1-1- Héritiers marionnettes

Chronologiquement, L'Histoire du fou, roman publié en 1994, remonte aux sources de l'indépendance du Cameroun, à en juger par la palette d'événements historiques et par l'emploi des datations chiffrées. Le narrateur montre ici, avec force emphase, le rôle historique de la France, championne des manoeuvres de basse besogne, dans la désintégration et dans l'installation au pouvoir d'un « dictateur complaisant » :

Ce fléau ( la délation) n'avait cessé de dévaster la jeune République depuis son indépendance proclamée le 1er Janvier 1960 dans le tumulte, la discorde et le sang, trois malédictions dont le mariage maléfique allait infliger tragédie sur tragédie à notre peuple (...) Trop heureuse de saisir enfin l'occasion d'une revanche facile sur ses déboires asiatiques, l'ancienne métropole jeta dans la balance son expérience de manoeuvrière à la fois politique et militaire : elle installa un dictateur complaisant et lui fit endosser une guerre civile larvée. ( Mongo Beti 1994 :13)

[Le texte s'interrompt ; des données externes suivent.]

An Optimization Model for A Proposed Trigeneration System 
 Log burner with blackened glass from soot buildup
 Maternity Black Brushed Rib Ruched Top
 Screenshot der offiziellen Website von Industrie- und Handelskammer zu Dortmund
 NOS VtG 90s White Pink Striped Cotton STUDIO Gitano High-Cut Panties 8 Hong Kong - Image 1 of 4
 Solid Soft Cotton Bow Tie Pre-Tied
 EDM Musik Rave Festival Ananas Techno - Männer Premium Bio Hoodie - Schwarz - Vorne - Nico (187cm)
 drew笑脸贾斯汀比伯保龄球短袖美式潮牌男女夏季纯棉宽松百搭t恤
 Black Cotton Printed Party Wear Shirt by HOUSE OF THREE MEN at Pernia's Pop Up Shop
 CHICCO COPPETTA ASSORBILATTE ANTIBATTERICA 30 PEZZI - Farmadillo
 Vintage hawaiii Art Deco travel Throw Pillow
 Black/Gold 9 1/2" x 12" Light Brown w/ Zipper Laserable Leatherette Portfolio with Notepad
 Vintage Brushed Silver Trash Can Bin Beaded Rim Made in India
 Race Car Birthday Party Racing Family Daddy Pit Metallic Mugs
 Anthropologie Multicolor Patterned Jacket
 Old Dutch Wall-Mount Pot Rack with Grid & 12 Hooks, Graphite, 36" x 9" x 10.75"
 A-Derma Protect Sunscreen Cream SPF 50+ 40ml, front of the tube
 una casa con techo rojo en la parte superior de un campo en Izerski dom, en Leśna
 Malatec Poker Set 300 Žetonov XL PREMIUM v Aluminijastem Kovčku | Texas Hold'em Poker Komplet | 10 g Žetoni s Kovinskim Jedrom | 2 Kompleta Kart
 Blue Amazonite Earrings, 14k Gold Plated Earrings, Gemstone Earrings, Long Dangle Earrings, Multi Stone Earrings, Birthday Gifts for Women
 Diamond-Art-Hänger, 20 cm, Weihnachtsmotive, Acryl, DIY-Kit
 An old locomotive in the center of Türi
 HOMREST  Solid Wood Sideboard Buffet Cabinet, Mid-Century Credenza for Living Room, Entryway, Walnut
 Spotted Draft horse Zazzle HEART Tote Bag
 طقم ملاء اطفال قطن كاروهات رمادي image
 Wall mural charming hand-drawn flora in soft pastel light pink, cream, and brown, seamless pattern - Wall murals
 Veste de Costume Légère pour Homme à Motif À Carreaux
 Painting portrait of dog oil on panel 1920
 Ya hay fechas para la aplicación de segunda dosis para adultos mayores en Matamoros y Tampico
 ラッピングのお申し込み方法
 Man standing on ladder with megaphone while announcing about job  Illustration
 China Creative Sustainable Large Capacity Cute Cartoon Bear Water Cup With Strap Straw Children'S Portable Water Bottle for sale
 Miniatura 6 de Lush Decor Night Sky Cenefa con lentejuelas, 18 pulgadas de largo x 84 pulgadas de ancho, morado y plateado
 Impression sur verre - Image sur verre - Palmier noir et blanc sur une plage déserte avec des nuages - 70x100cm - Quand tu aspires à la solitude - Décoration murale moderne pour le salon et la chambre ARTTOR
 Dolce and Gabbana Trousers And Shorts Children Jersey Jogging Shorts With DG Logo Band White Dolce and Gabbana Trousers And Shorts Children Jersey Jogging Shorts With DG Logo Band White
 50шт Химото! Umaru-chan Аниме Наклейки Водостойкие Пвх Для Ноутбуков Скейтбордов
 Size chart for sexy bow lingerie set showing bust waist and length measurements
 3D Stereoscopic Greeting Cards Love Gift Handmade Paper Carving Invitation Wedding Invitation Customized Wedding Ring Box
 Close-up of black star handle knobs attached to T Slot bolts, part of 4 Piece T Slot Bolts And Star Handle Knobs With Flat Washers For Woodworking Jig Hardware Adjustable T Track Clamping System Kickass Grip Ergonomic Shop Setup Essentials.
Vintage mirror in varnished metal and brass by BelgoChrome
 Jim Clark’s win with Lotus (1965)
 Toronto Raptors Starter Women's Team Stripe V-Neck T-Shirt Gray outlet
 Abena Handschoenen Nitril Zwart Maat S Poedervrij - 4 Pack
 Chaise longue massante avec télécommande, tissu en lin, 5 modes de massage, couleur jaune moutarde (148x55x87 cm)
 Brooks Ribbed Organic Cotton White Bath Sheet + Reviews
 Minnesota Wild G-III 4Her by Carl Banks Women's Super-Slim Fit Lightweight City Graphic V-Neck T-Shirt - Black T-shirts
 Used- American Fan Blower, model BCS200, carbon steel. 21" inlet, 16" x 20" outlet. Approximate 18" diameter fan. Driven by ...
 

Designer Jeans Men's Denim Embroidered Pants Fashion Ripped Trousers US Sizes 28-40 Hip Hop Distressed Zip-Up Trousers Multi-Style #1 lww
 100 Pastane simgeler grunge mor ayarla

L'oeuvre s'ouvre sur l'ère Ahidjo au Cameroun, avec l'évocation de la date historique de l'indépendance du Cameroun, le 1er janvier 1960. Par ailleurs, la liberté de ton choisie par l'auteur se lit dans sa volonté de dénoncer par des périphrases à connotation péjorative les manoeuvres politiques et militaires de cette France qui n'est pas explicitement dénommée ici, et le nouveau chef d'Etat dont la première désignation revêt déjà un caractère dépréciatif : « un dictateur complaisant ».

En effet, le dictionnaire universel définit le dictateur en ces termes : « homme politique qui exerce un pouvoir absolu, sans contrôle.» (Dictionnaire universel 1995 : 359) C'est d'ailleurs sous cette appellation que le chef de l'Etat sera régulièrement mis en texte dans notre corpus.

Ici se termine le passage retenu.